**YOUR ASSIGNMENT:** For this exercise, return only the lines in the records below from the one holding "Pull personnalisé avec" through the one holding "Charlize Theron feet photo thumbnail", including both, exactly as they appear and without pictures.

**EXTRACTED INFORMATION:**
**********
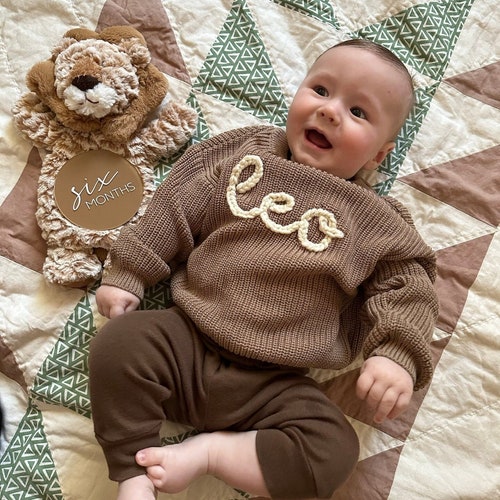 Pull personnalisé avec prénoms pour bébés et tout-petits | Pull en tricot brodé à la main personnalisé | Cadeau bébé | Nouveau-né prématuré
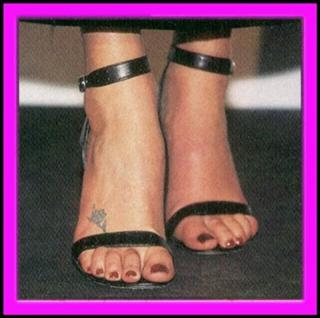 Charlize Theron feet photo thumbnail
**********
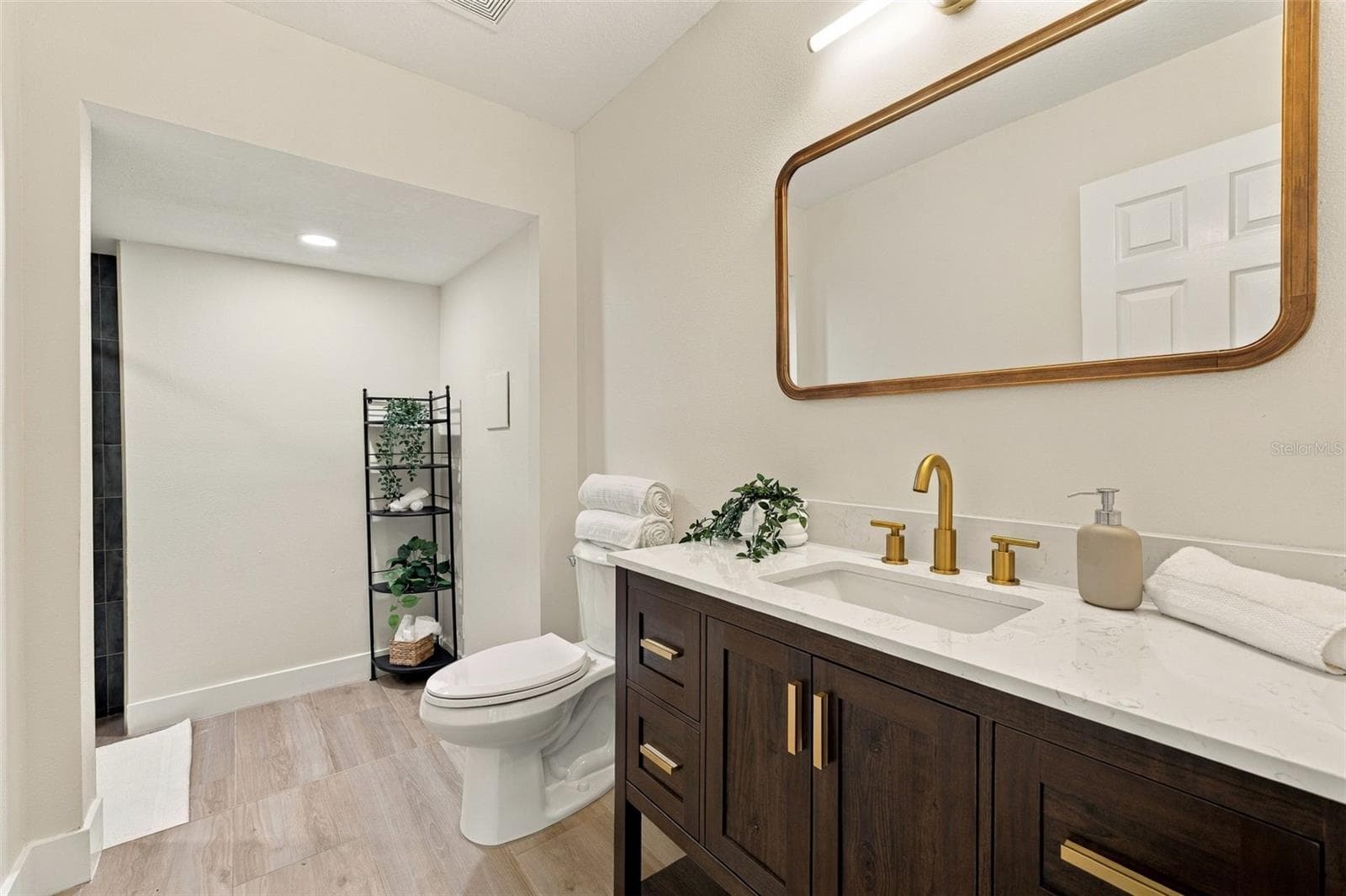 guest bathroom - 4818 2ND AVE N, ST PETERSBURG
**********
**YOUR SOLUTION:**
 Pull personnalisé avec prénoms pour bébés et tout-petits | Pull en tricot brodé à la main personnalisé | Cadeau bébé | Nouveau-né prématuré
 Charlize Theron feet photo thumbnail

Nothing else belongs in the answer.